## PROBLEM DESCRIPTION
Output only the lines below from the one containing "Illustration of Tengmalm's" to the one containing "Bumblebee Poison Frog", exactly as written, both ends kept.

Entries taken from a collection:
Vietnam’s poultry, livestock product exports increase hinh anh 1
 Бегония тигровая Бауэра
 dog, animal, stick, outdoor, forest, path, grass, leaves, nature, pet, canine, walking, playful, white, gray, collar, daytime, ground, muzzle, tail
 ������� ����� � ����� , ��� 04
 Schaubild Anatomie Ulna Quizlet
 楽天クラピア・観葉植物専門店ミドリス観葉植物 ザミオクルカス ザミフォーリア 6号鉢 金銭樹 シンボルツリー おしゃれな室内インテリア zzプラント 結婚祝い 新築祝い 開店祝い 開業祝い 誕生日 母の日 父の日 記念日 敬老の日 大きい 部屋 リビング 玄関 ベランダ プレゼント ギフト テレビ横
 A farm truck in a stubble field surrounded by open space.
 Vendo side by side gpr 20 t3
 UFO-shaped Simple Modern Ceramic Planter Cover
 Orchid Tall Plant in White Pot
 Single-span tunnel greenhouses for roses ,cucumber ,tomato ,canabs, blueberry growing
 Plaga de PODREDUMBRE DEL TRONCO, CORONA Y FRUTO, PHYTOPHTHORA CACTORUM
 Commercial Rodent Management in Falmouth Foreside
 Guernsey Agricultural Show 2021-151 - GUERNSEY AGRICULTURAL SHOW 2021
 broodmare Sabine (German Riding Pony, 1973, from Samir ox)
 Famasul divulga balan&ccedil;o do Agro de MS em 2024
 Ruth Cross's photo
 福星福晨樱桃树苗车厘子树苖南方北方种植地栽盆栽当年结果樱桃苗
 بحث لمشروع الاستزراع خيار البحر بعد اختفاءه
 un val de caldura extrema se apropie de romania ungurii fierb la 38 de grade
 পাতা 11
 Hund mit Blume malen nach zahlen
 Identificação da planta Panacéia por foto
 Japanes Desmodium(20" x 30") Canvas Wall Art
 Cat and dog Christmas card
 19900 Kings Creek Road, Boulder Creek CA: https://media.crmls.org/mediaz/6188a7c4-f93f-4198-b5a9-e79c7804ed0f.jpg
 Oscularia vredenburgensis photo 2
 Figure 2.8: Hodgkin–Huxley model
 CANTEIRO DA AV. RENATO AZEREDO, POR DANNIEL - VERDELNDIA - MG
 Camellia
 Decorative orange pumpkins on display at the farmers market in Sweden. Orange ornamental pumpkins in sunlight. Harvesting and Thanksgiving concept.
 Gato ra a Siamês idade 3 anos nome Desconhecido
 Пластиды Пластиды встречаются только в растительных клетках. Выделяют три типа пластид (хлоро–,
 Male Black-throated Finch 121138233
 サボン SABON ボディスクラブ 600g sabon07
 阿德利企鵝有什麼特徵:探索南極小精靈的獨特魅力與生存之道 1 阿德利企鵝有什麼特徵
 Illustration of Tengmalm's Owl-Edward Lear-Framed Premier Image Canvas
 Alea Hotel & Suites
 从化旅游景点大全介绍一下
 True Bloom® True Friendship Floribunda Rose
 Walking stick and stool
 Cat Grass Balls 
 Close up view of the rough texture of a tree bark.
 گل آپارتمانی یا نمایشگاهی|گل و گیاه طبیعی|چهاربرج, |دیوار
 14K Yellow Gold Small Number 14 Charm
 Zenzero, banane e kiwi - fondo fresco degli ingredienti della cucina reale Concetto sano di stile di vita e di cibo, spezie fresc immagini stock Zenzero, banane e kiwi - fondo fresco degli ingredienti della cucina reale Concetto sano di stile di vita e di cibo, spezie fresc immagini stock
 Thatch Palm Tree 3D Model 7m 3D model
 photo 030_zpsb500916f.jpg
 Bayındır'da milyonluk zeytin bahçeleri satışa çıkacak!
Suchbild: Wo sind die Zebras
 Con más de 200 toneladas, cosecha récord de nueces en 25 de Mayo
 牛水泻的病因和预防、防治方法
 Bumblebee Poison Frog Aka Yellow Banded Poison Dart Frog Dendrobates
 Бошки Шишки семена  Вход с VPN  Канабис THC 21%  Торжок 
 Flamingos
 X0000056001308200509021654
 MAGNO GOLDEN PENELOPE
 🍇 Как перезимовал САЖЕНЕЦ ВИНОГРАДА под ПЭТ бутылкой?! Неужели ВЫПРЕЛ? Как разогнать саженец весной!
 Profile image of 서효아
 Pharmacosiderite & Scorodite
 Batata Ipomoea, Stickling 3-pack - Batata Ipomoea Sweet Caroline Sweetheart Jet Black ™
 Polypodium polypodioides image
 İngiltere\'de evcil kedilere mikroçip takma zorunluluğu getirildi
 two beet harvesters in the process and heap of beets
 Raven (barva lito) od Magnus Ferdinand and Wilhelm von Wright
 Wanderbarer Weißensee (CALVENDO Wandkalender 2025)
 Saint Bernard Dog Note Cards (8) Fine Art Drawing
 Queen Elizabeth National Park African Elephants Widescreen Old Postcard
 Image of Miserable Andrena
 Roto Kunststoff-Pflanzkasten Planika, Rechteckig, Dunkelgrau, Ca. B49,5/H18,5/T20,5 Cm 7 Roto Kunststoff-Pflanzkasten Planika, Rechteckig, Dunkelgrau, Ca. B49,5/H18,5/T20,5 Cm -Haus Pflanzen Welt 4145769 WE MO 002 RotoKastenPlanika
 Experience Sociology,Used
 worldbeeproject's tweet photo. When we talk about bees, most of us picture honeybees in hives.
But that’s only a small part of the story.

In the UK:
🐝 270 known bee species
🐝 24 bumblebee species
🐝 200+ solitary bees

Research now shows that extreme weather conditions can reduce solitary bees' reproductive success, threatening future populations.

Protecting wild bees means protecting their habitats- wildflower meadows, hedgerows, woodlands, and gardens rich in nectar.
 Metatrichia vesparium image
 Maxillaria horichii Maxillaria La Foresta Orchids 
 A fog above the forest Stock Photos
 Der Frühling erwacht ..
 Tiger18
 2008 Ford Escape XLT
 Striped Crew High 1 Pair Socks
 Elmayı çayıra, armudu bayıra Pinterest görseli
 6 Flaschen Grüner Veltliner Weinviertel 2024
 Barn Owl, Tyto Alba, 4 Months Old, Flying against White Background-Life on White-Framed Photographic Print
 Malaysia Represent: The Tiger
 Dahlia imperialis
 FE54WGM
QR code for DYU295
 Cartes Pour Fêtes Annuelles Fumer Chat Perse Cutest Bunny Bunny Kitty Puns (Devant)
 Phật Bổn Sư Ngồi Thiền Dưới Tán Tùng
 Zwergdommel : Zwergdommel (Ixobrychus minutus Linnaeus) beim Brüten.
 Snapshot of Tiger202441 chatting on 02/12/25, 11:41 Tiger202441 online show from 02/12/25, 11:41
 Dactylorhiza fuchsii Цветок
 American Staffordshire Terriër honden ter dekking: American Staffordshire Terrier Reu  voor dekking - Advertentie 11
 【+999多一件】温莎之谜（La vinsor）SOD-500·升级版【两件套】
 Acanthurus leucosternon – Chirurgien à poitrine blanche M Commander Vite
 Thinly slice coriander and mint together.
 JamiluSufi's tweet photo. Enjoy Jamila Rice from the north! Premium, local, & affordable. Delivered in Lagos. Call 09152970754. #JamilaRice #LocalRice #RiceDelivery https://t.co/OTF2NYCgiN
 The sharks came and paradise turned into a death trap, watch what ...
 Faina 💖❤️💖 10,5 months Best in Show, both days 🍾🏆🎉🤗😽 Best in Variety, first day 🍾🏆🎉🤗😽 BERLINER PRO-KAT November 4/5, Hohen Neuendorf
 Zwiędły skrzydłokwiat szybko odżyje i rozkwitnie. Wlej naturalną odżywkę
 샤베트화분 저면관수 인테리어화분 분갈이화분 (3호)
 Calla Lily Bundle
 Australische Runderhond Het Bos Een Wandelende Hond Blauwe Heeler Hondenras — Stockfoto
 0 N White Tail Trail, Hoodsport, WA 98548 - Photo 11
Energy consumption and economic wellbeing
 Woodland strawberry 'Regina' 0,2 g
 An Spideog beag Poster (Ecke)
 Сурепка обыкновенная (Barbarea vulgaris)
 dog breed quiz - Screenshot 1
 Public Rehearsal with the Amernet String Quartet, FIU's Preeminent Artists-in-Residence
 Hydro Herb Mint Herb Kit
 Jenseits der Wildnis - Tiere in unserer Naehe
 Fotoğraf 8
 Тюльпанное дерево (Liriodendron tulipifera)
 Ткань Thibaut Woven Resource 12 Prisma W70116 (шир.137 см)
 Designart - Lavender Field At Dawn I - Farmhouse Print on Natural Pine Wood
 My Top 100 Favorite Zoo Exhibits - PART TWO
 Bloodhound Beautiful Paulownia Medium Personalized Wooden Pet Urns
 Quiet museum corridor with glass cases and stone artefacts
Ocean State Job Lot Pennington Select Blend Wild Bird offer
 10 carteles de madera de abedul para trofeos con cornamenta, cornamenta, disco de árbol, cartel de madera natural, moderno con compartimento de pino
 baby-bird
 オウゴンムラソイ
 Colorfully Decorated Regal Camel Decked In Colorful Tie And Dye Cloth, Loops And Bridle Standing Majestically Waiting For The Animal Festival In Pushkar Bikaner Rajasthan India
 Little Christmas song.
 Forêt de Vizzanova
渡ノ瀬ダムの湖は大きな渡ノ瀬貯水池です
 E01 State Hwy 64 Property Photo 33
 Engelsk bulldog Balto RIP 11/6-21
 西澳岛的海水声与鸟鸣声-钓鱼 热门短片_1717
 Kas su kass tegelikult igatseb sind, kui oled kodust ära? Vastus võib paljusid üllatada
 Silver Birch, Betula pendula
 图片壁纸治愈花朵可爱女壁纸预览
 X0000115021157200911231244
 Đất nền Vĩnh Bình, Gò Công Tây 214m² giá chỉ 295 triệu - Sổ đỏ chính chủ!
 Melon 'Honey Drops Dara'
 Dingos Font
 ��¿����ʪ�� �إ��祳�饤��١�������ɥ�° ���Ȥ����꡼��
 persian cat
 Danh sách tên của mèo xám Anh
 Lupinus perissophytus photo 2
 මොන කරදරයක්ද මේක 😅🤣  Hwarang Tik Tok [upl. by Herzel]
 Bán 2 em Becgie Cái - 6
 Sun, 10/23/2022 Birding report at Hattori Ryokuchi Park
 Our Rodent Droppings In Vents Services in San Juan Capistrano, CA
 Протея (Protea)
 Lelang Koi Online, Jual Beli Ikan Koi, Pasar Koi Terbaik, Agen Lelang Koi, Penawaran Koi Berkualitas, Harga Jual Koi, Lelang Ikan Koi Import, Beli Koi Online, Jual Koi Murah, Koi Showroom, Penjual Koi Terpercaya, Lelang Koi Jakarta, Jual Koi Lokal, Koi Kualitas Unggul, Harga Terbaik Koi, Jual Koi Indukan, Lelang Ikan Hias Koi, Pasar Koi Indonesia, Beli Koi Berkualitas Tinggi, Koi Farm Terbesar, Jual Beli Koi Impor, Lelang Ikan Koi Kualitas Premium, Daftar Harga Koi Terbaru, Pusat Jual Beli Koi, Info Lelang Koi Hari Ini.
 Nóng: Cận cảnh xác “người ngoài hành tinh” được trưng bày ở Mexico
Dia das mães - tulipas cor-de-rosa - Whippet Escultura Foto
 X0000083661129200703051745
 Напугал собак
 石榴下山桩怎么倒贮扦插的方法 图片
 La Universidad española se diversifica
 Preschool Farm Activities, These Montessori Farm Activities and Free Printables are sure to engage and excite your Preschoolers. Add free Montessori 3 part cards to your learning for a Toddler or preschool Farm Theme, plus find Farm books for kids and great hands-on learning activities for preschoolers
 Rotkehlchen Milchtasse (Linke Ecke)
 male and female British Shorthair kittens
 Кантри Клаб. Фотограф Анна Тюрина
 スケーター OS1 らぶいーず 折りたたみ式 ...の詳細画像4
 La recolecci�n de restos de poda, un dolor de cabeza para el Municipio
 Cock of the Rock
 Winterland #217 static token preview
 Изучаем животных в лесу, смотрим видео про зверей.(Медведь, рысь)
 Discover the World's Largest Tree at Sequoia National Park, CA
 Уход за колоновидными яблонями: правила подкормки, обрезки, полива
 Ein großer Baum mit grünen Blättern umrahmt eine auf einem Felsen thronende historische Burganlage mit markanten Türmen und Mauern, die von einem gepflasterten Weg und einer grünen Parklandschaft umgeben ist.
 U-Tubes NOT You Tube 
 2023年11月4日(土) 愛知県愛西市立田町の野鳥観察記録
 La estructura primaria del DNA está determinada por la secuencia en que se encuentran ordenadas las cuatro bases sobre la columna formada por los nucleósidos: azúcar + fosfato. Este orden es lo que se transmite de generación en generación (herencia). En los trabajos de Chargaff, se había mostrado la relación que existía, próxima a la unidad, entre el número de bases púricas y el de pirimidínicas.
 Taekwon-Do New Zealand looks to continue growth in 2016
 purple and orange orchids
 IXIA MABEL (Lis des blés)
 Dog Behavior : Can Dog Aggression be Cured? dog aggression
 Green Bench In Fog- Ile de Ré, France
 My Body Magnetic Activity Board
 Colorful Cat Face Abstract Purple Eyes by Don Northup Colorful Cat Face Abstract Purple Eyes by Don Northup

## EXERCISE RESPONSE
 Illustration of Tengmalm's Owl-Edward Lear-Framed Premier Image Canvas
 Alea Hotel & Suites
 从化旅游景点大全介绍一下
 True Bloom® True Friendship Floribunda Rose
 Walking stick and stool
 Cat Grass Balls 
 Close up view of the rough texture of a tree bark.
 گل آپارتمانی یا نمایشگاهی|گل و گیاه طبیعی|چهاربرج, |دیوار
 14K Yellow Gold Small Number 14 Charm
 Zenzero, banane e kiwi - fondo fresco degli ingredienti della cucina reale Concetto sano di stile di vita e di cibo, spezie fresc immagini stock Zenzero, banane e kiwi - fondo fresco degli ingredienti della cucina reale Concetto sano di stile di vita e di cibo, spezie fresc immagini stock
 Thatch Palm Tree 3D Model 7m 3D model
 photo 030_zpsb500916f.jpg
 Bayındır'da milyonluk zeytin bahçeleri satışa çıkacak!
Suchbild: Wo sind die Zebras
 Con más de 200 toneladas, cosecha récord de nueces en 25 de Mayo
 牛水泻的病因和预防、防治方法
 Bumblebee Poison Frog Aka Yellow Banded Poison Dart Frog Dendrobates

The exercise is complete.